There’s this notion in some circles about the best ways to fire up a slumping team. Unnecessary roster shake-ups, role changes, juggling the starting rotation, maybe a manager getting ejected – everyone has their own ideas, and some have proven more effective than others. One that comes up quite often, and one of our personal favorites here on 35th Street, is a good old-fashioned team-on-team brawl like the one we saw yesterday in Kansas City.

Admittedly, Sunday’s skirmish was pretty lame, but it would be nice to think this new sense of unity against a common enemy (who happens to be coming to town next week! Oh, sweet malice!) could be the catalyst for a team to fire on all cylinders. Miguel Olivo’s suspension magically heals Joe Crede’s back; Zack Greinke’s missed bid at a complete game victory brings Paul Konerko’s bat back to life; old, slow men are no longer the logical replacement for younger, theoretically faster ones.

Part of the problem with this line of thinking rests in the assumption that memories of a haymaker some pitcher saw coming from 60 feet away are going to fuel a run of domination. People are quick to point out the 2000 mega-fight between the Sox and the Tigers as the spark that ignited the team. Maybe a combined sixteen players being tossed from a single game can build on-field bonds. Maybe Magglio’s karate skills and Keith Foulke’s toughness under fire brought together that ragtag bunch of misfits and showed them anything is possible. Maybe Jerry Manuel, upon return from his league-imposed eight-game exile, gathered the troops and told them “We will not concern ourselves with beating the Tigers with our fists, for we know we can do that. Our blows will pass, but history will remember that we stood here, today, and BEAT THE TIGERS TO INCREASE OUR LEAD IN THE DIVISION!!!”

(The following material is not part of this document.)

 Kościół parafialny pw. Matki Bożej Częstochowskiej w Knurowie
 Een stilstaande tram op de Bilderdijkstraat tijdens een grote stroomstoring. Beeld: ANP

Except the Sox have fought someone pretty much every single season and, with three notable exceptions, nothing has ever come of it. Come to think of it, that fight in 2000 was in the 17th game of the season. Could beating up Jeff Weaver really be the cause for the best record in baseball? The Cubs and Blue Jays fracases of 2006 and 1991 are probably better fuel for the discussion: could it simply be that teams don’t actually win because of brawls whatsoever?

Call us old-fashioned, call us stupid and say there’s no grit, heart or grindyness to what we do, but could it be that the true secret to success is not to assemble a softball team in a pro baseball league? As said before, no one here claims to be a general manager and no one purports to have all the answers. But we do love us some baseball fights. Smart money says the only way to win this week is to punch the hell out of the Tigers.

Seriously, do it; at this rate, mere White Sox hitting and South Side pitching aren’t going to cut it.